Set the data down exactly as it stands, and keep its pictures out.

= Data below =
-=-=-=-=-

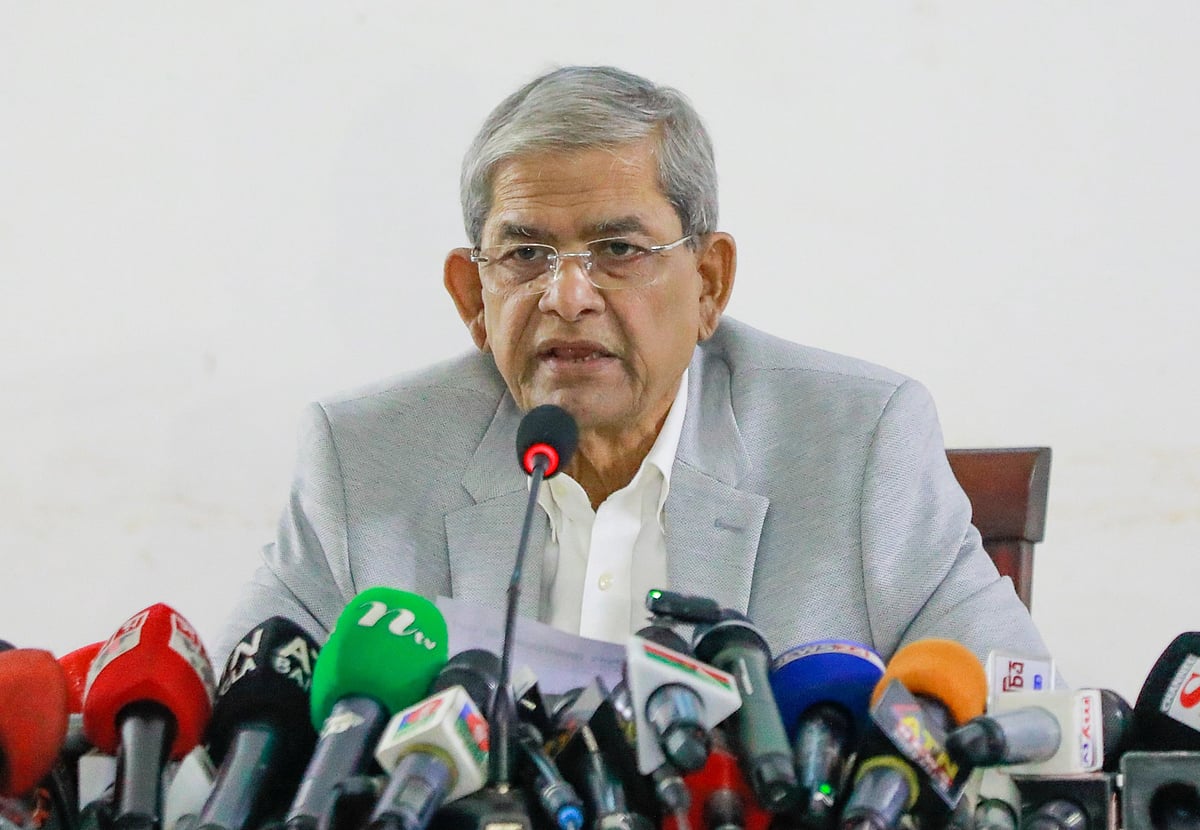 চিকিৎসকেরা নিশ্চিত করলেই খালেদা জিয়াকে এয়ার অ্যাম্বুলেন্সে তোলা হবে: মির্জা ফখরুল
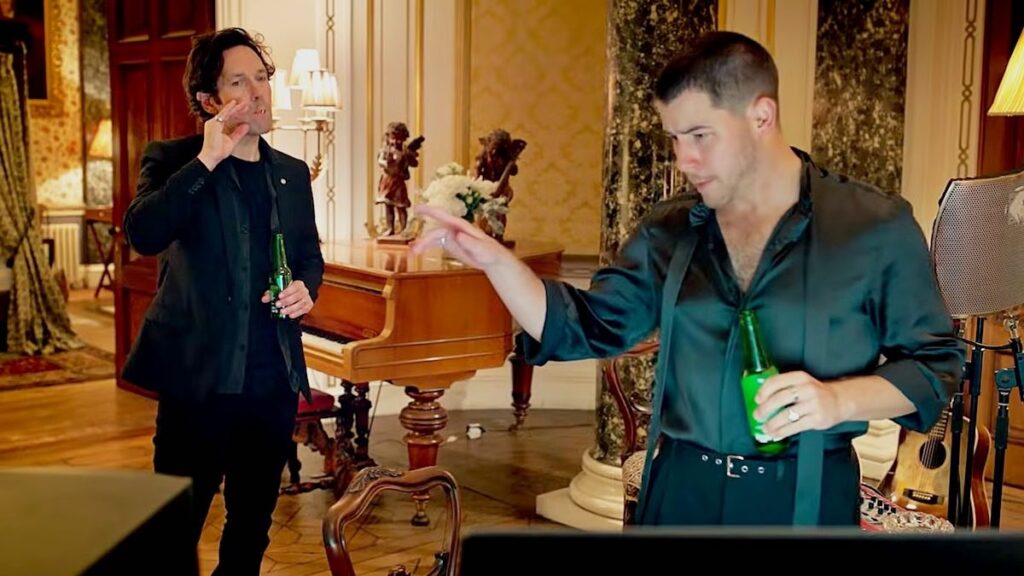 Rick y Danny bebiendo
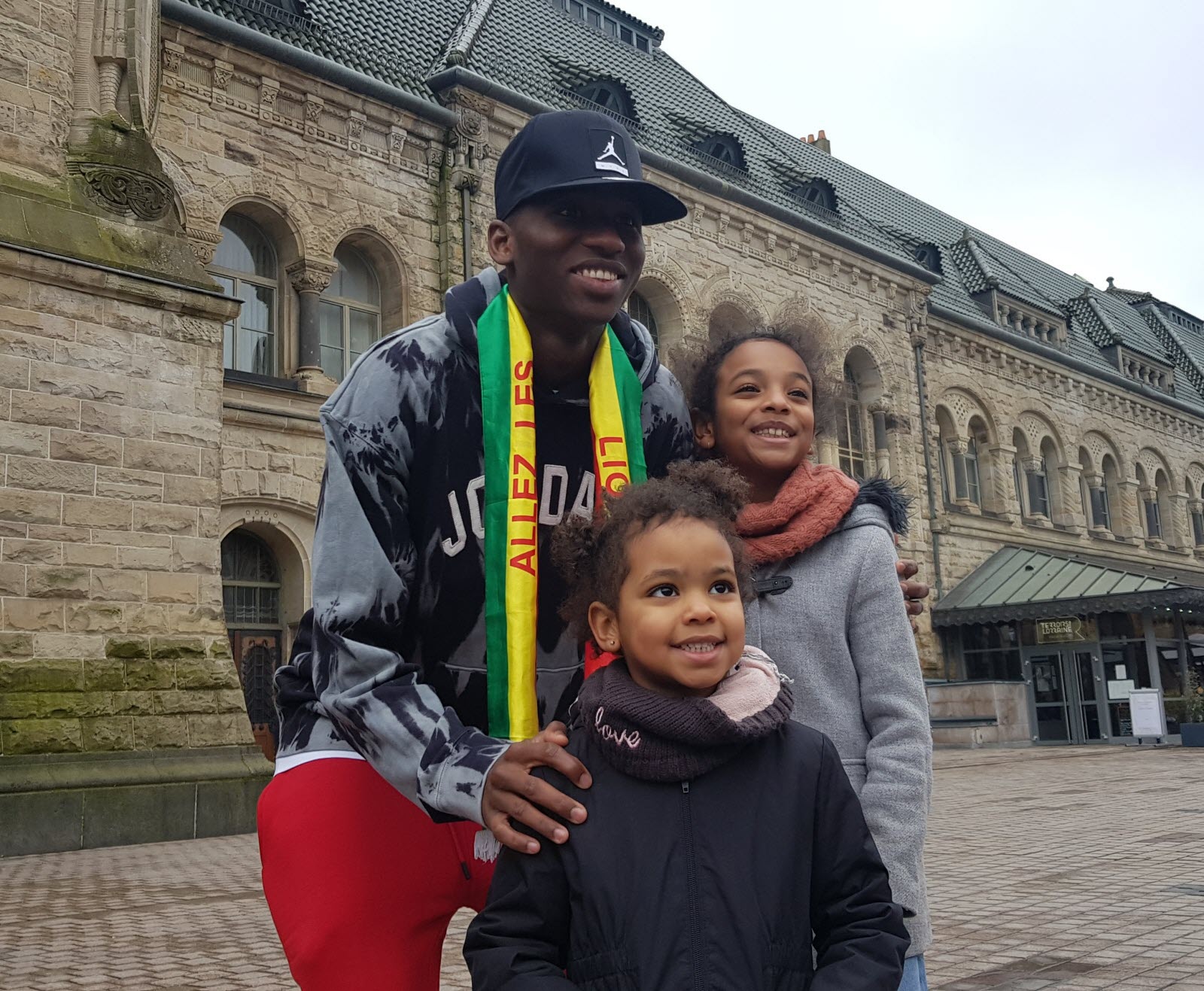 (10 Photos) Metz : Pape Matar Sarr accueilli en héros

-=-=-=-=-

= Answer =
 চিকিৎসকেরা নিশ্চিত করলেই খালেদা জিয়াকে এয়ার অ্যাম্বুলেন্সে তোলা হবে: মির্জা ফখরুল
 Rick y Danny bebiendo
 (10 Photos) Metz : Pape Matar Sarr accueilli en héros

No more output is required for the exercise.